Les braises de Craonne
FRANÇOIS D'ORCIVAL
Une semaine avant le premier tour de la présidentielle, un mois avant de quitter l’Elysée, François Hollande aura accompli ce dimanche un ultime geste : commémorer le centenaire d’un désastre. Avant d’écouter comme un cantique, La Chanson de Craonne, l’hymne des déserteurs. Célébrer le sacrifice tout en honorant la désobéissance en temps de guerre… La braise des mémoires n’est pas éteinte. Fallait-il la ranimer ? Le Chemin des Dames, ce n’est pas Verdun, cette victoire de la ténacité française, c’est une affreuse défaite militaire et morale. Elle suit la révolution russe de février 1917, l’abdication du tsar, la désintégration de son armée ; elle fabrique les mutineries de deux régiments qui vont contaminer huit divisions, jusqu’à enflammer des humeurs de folie collective à l’Assemblée. Et c’est Pétain qu’on rappelle pour sauver de l’humiliation une armée de 2 millions d’hommes.

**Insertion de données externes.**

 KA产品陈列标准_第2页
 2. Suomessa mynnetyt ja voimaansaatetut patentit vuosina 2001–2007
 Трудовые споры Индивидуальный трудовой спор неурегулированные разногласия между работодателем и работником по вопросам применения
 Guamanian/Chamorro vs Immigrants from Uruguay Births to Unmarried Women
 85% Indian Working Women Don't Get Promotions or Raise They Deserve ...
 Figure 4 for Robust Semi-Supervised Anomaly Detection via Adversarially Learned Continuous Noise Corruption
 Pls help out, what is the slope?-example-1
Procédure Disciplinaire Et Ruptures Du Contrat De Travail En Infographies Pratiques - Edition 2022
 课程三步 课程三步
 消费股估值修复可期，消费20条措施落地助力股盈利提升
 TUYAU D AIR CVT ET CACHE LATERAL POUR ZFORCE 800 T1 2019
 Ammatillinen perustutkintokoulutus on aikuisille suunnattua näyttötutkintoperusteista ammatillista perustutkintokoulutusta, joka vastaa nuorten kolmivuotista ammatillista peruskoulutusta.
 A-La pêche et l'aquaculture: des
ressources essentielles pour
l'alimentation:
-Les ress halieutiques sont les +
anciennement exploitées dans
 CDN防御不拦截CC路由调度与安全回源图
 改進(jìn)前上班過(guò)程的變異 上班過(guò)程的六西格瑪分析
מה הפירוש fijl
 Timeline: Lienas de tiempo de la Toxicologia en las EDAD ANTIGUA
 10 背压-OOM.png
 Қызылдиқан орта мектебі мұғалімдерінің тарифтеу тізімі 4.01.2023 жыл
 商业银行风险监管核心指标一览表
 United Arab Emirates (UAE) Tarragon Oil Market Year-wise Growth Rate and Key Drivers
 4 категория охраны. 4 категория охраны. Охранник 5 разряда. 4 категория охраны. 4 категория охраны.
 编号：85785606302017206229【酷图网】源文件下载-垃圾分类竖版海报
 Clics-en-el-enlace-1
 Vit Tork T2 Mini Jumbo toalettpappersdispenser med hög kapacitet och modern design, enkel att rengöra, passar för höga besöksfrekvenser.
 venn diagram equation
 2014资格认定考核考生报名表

Est-ce bien cela que va célébrer le président de la République ? « Infime ou immense, l’humiliation est si douloureuse qu’on la juge pire que la douleur », écrit Michel Zink, le grand médiéviste, dans un beau texte sur l’humiliation dont il cherche les sources jusqu’au Moyen Age *. Dans le prologue de son propos, il cite le cas d’un déserteur de la Grande Guerre condamné à mort. « Le malheureux est une loque, il faut le traîner. Un général croise le sinistre cortège. Il s’arrête, fait venir le condamné et lui dit : le risque de voir l’armée se débander exige que les déserteurs soient exécutés. On vous envoie donc à la mort pour la défense du pays, comme on envoie à la mort les soldats qui sortent de la tranchée. Vous aussi, vous mourrez pour la France. » Alors, dit Michel Zink, le condamné affronta la mort « avec courage et dignité ». Que lui dirait-on aujourd’hui selon les canons de la pensée dominante ? « Mon cher, je vous gracie et je vous félicite » ? C’est cela que l’on fait en écoutant pieusement La Chanson de Craonne. Michel Zink conclut son anecdote en expliquant : « Dans le cadre des valeurs alors admises par tous [en 1914-1918], ce général avait fait pour ce malheureux le plus qu’il pouvait en effaçant l’infamie attachée à sa mort. »
C’est hélas ce dont on n’est plus capable, parce que l’honneur et le courage ne sont plus enseignés comme des vertus cardinales. Si l’armée sacrifiée au Chemin des Dames n’avait pas été finalement sauvée, au prix inhumain des « fusillés pour l’exemple », l’appel à Clemenceau, en novembre 1917, eût été vain.